Bibliography: Articles

Review of The Delivery Man
National Review, 2004-10-16
Aaron Keith Harris

Failing to Deliver

Costello gets the genre and lyrics wrong in The Delivery Man.

By Aaron Keith Harris

Relying solely on The Delivery Man's advance press and its artwork (which features Elvis Costello in silver cowboy boots leaning against a 30-year-old Chevy pickup with a Dale Earnhardt Jr. sticker in the back window), one would think it the Brit singer-songwriter's attempt at an original country album and a belated follow-up to 1981's Almost Blue — an earnest-yet-strained set of country covers, which happened to be the first less-than-stellar effort of Costello's recording career.

Costello has hinted in interviews that Delivery was indeed intended to be a country- or Americana-tinged narrative of a fictional protagonist's romantic adventures with three different women somewhere in the American South, but only a little of that concept seems to have remained in either the content or the sound of the final product.

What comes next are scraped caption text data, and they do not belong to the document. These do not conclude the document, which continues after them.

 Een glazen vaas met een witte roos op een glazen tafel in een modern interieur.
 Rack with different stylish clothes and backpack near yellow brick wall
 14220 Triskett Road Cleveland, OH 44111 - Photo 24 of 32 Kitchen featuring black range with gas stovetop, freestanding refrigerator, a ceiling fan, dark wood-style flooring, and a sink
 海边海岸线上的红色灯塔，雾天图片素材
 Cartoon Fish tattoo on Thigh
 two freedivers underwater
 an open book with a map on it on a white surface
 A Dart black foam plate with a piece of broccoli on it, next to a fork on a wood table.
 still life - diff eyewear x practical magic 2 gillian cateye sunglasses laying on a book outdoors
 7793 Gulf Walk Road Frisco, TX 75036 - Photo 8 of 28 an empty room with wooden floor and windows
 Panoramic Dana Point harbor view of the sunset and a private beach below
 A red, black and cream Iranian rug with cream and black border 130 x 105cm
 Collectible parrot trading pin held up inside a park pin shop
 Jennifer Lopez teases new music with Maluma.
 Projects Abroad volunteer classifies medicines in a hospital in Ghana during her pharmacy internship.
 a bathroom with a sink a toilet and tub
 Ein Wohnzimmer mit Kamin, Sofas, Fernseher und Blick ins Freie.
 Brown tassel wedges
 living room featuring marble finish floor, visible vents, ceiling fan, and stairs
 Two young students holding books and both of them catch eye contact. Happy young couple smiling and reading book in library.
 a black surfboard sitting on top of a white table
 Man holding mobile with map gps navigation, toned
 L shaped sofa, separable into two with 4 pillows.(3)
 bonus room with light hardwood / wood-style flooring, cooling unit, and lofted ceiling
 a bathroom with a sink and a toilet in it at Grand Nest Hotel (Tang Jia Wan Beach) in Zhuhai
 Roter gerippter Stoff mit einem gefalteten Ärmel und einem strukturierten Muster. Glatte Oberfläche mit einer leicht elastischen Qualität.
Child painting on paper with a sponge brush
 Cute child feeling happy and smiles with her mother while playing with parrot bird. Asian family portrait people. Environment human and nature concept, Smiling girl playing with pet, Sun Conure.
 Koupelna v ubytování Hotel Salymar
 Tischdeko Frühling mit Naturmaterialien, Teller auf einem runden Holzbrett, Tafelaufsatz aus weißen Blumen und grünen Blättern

Instead, Delivery is Costello's most musically satisfying rock outing in years, with a vibe not unlike the one he achieved while backed by the Attractions on string of magnificent albums (interrupted only by Almost Blue) — from This Year's Model (1978) to Imperial Bedroom (1982). The Imposters — pianist Steve Nieve, drummer Pete Thomas (both ex-Attractions), and ex-Cracker bassist Davey Feragher — execute Costello's taut, nuanced arrangements with a mix of grandeur and punch.

Raucous workouts like "Bedlam," "Needle Time," and "The Name of Thing is Not Love" sound as good as the best Attractions-era material, but they fall short lyrically, lacking the precise craftsmanship and Dylanesque (or Nabokovian, if you like) wordplay of the Attractions era.

In the otherwise gorgeous "Country Darkness" a woman daydreams of "forbidden sins," a redundancy that would have served some purpose for the young Elvis, but that in this case just lies in the middle of a muddled mess — one that could be called impressionistic if it left any impression other than that Costello can sing a mediocre ballad really well.

And the title track's banality has to be heard to be believed. One only hopes Costello doesn't think he's the first to point out that both Jesus and Elvis (the one from Tupelo, not the one from Liverpool) are Southern cultural icons.

Maddeningly, the best lyrics on Delivery are the ones Costello first wrote for others to sing: "There's a Story in Your Voice," performed here as a duet with the wonderfully dissolute Lucinda Williams; "The Judgement," written for Solomon Burke's exquisite Don't Give Up on Me; and "The Scarlet Tide," co-written with T Bone Burnett for Alison Krauss and the Cold Mountain soundtrack.

Delivery suffers in comparison to the innovative efforts it consciously recalls, but it's still a good album. Just not as good as it sounds.

— Aaron Keith Harris writes for Country Music Today and Bluegrass Unlimited.